Hemophylus influenzae es una bacteria. A pesar de su nombre, no tiene nada que ver con el virus de la influenza que causa la gripe. Las cepas de Hemophylus influenzae tipo b son el grupo más virulento y provocan graves enfermedades, como la meningitis, la epiglotitis y la neumonía, por lo general en niños menores de 6 años. Sin embargo, debido al uso ampliamente difundido de la vacuna del Hemophylus influenzae tipo b, la enfermedad grave causada por este microorganismo se está volviendo menos frecuente. La neumonía es más común entre las personas que padecen drepanocitosis y en las que presentan inmunodeficiencias.
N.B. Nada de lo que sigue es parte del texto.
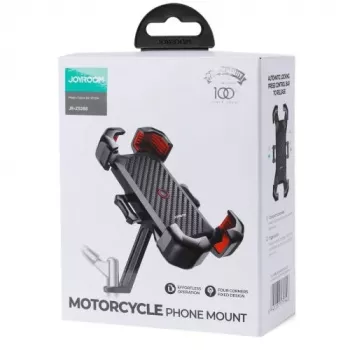 Suport telefon pentru motocicletă JOYROOM negru (JR-ZS288-m)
En la mayoría de estos casos el germen no pertenece al grupo de los microorganismos que se utilizan para la producción de la vacuna frente a Hemophylus influenzae tipo b.

Los síntomas de la infección pueden ser accesos de estornudos y goteo nasal seguidos por los síntomas característicos de la neumonía, como fiebre, tos que produce esputo y ahogo. Es frecuente la aparición de líquido en la cavidad pleural (el espacio comprendido entre las dos capas de la membrana que recubre el pulmón y la pared torácica); esta afección se denomina derrame pleural. (•V. página 213)

Se recomienda la vacunación contra los Hemophylus influenzae tipo b para todos los niños. La vacuna se administra en tres dosis, a la edad de 2, 4 y 6 meses. Se utilizan antibióticos para tratar la neumonía de Hemophylus influenzae tipo b.